Directions:
Using the entries below, output exactly the line containing "True Track Smart" and all lines that follow it to the end.

-------- Source records --------

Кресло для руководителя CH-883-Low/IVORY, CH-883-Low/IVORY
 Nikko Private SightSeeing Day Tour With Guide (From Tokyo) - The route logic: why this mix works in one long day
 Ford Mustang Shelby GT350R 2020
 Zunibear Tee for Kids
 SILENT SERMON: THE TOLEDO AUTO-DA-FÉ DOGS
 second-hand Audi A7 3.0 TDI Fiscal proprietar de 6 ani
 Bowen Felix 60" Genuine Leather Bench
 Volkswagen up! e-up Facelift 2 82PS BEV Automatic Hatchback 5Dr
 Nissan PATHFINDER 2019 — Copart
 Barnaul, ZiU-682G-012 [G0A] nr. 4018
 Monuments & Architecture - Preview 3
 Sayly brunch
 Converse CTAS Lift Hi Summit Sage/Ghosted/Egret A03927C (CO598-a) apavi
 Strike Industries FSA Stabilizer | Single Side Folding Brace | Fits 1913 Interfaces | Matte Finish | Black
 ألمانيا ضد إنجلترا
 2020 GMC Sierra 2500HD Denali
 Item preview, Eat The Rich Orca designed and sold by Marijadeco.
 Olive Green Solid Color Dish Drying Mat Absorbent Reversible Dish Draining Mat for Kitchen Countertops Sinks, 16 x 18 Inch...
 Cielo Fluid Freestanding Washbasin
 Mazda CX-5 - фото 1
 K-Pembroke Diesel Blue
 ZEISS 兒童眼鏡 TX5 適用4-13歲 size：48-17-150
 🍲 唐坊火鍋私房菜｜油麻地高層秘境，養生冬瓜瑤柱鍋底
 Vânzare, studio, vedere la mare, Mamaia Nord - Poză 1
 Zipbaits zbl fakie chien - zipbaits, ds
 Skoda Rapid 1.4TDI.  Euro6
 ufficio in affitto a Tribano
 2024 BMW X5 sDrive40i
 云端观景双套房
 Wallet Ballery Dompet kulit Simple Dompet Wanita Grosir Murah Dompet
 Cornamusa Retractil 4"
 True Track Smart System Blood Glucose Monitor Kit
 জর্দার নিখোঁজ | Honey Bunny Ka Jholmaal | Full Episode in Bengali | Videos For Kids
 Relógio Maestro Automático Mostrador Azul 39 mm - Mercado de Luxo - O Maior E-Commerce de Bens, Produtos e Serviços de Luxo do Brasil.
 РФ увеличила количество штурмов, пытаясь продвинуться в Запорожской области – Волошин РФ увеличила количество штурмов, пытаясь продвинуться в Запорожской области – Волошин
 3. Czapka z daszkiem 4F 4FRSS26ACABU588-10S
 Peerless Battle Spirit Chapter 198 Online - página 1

--------

Written answer:
 True Track Smart System Blood Glucose Monitor Kit
 জর্দার নিখোঁজ | Honey Bunny Ka Jholmaal | Full Episode in Bengali | Videos For Kids
 Relógio Maestro Automático Mostrador Azul 39 mm - Mercado de Luxo - O Maior E-Commerce de Bens, Produtos e Serviços de Luxo do Brasil.
 РФ увеличила количество штурмов, пытаясь продвинуться в Запорожской области – Волошин РФ увеличила количество штурмов, пытаясь продвинуться в Запорожской области – Волошин
 3. Czapka z daszkiem 4F 4FRSS26ACABU588-10S
 Peerless Battle Spirit Chapter 198 Online - página 1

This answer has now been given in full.